→ REQUIRED ACTION:
Using the data that follows, output only the lines from the line with "Biomateriały-streszczenie wykładów - strona" up to and including the line with "Photo frame (Two", exactly, leaving pictures aside.

→ SOURCE MATERIAL:

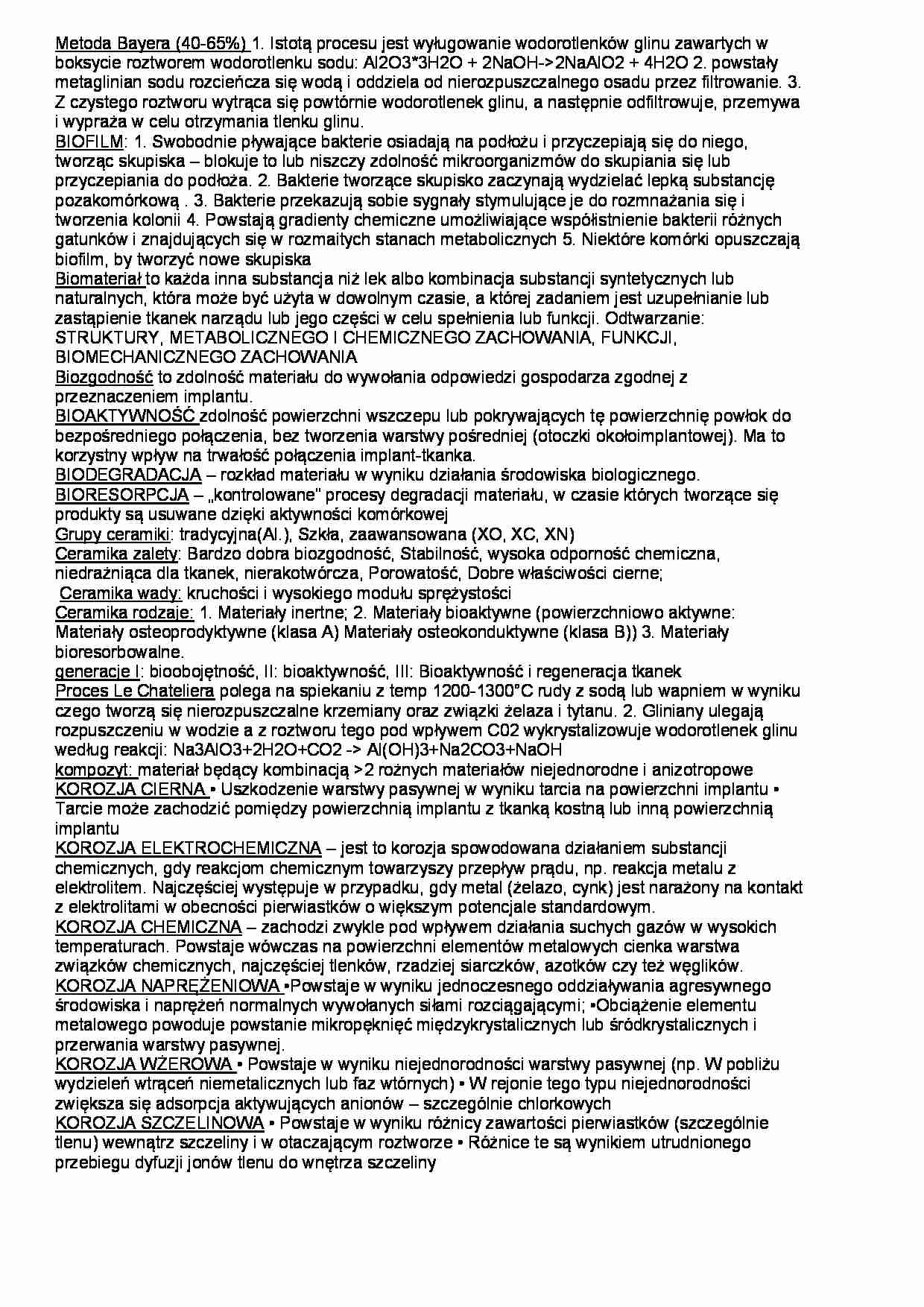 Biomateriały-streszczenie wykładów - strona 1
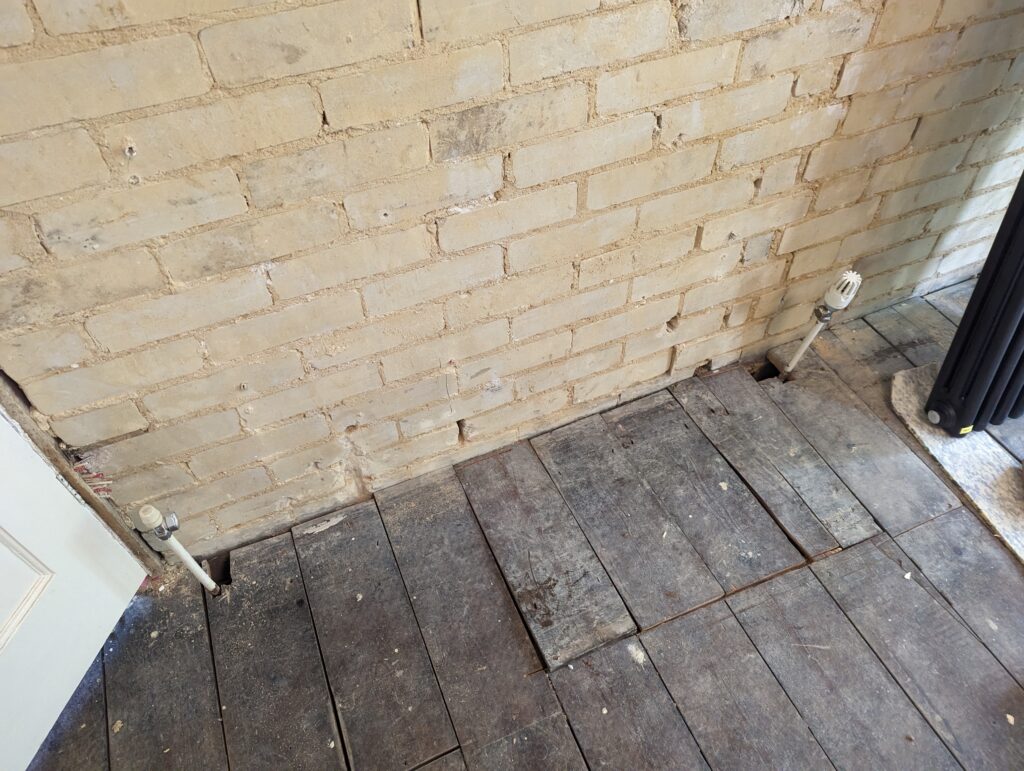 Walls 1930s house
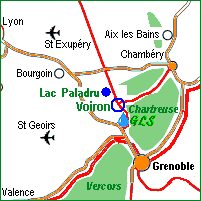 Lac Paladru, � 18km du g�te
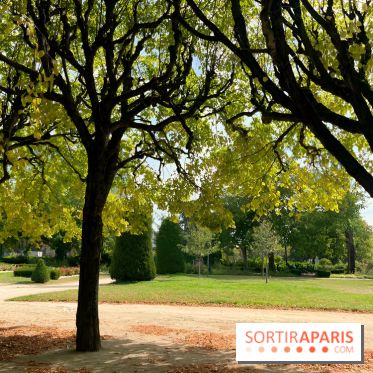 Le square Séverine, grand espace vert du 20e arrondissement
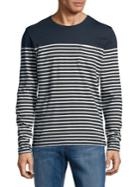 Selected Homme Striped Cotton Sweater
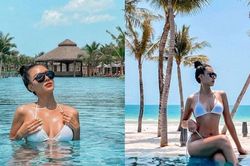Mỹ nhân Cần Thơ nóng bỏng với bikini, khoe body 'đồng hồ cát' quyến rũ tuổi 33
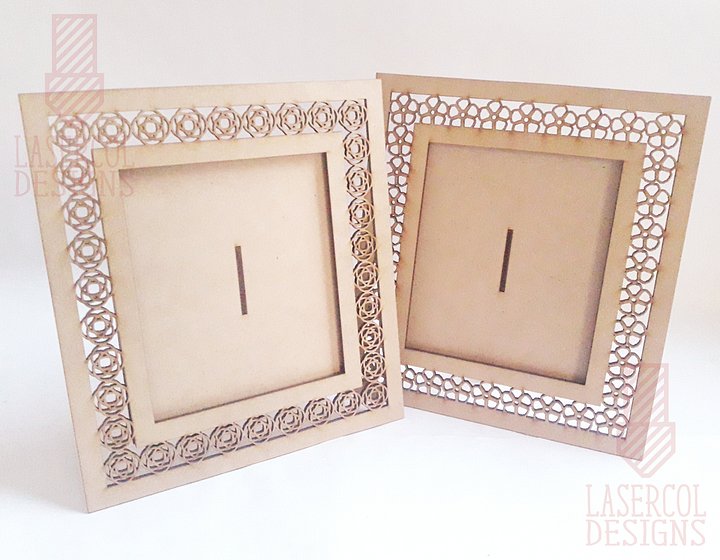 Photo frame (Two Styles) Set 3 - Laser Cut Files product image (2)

---

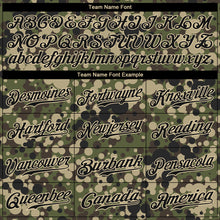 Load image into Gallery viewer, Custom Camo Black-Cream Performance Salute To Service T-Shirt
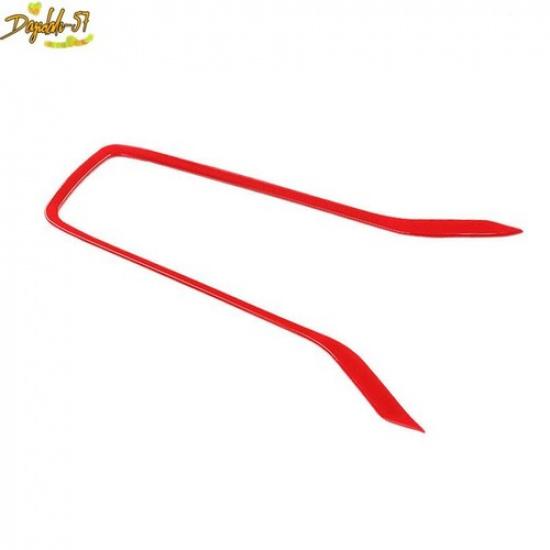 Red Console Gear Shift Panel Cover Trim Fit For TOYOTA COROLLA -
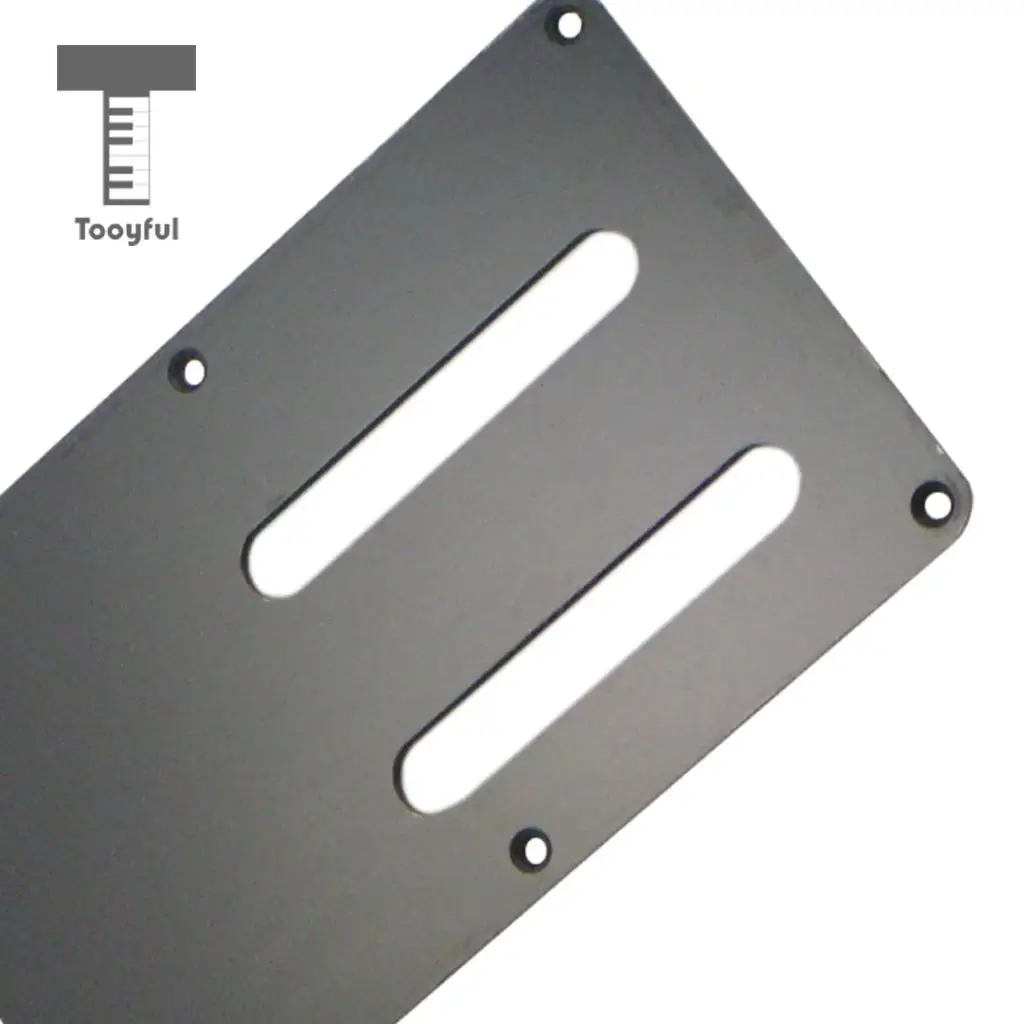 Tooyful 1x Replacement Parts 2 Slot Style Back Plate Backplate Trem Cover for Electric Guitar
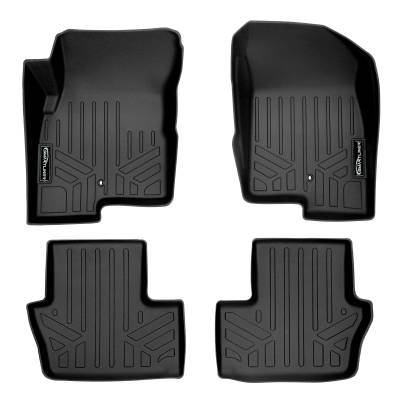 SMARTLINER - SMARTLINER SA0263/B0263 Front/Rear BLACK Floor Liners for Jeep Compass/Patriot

---

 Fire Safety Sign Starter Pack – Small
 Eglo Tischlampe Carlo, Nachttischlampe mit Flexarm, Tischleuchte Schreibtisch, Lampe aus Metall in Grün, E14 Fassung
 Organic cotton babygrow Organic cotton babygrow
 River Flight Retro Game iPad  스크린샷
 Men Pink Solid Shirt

→ RESPONSE TO THIS EXERCISE:
 Biomateriały-streszczenie wykładów - strona 1
 Walls 1930s house
 Lac Paladru, � 18km du g�te
 Le square Séverine, grand espace vert du 20e arrondissement
 Selected Homme Striped Cotton Sweater
Mỹ nhân Cần Thơ nóng bỏng với bikini, khoe body 'đồng hồ cát' quyến rũ tuổi 33
 Photo frame (Two Styles) Set 3 - Laser Cut Files product image (2)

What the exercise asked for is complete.